The combat's also too gentle, at least on normal difficulty. I soon figured out a winning strategy, gradually tweaking it over nine hours rather than feeling forced to improvise. In nearly every fight, I fired both my cannons at one enemy gun placement, then tossed an acidic mortar shell at the other. The gunner would back off, and by the time the acid cleared, my main guns would have reloaded and I'd be able to disable that cannon too. I got through many fights without taking a single shot, applying the same strategy to every ship I came across. Later I got berserk darts and a sniper rifle, and took to picking off crew one by one from afar rather than wrapping up fights with a ramming and a boarding.

I never felt imperilled, apart from that time my whole sink sank - and that was because I'd spent the past five hours not needing to even keep an eye out for my ship being flooded. When it did happen, it could have been tantrum-inducing, because the one place Abandon Ship abandons its gentle approach is in its withholding of saves. Bizarrely, you need to fish out single instances of the ability to save from events on the map marked with diving bells. On that front I was monumentally unlucky, getting my crew injured five times rather than winning the dice roll that would earn me a reprieve. I happened to use the single save I found just before my sinking, and my being knocked into a worse position than I was in at the start of the campaign. If I hadn't saved there, I'd have probably called it quits.

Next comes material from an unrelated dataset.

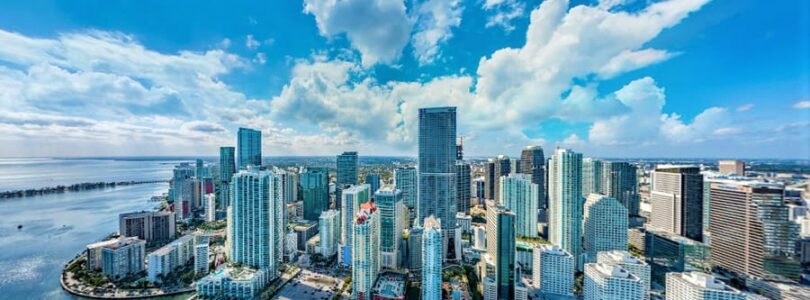 Miami residential condos usa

I still stopped well before the end of the campaign. It's split into at least two phases, and in the first you've got to deal with the kraken. You sail between islands figuring out how to kill it, but if you loiter in an area for too long it (or a big scary cultist ship) catches up with you and needs fleeing from. Once you've croaked the kraken, though, that system vanishes and you can sail around at leisure, dismantling the cult by polishing off three sets of five repetitive events. At this point, the lack of that early-game threat, always pushing you forward, is keenly felt. I completed a couple of those quest steps, but by that point I'd already bought the best boat and every upgrade I could ever want. I'd bought and climbed the biggest crow's nest, and there was nothing new in sight.

If Abandon Ship was both meaner and better-paced, I'd be tempted to call it a good game rather than an OK one. Despite their advantages largely being unnecessary, I did feel a gentle pull towards buying upgrades and bigger ships. For a few hours, I didn't even particularly mind wading through fights on auto-pilot - it felt satisfying to have solved a puzzle. But that description captures the combat's limitations. I'm now craving the nuances of FTL, where you twiddle with energy levels, more varied equipment and the unique traits of different species. I've played that game for a hundred hours and still get stumped.

Abandon Ship can't escape FTL's shadow. It's too similar to avoid being judged based on the high bar its spacefaring cousin set, but it falls far too short of that bar for me to like it. Turns out those water pumps aren't worth manning after all.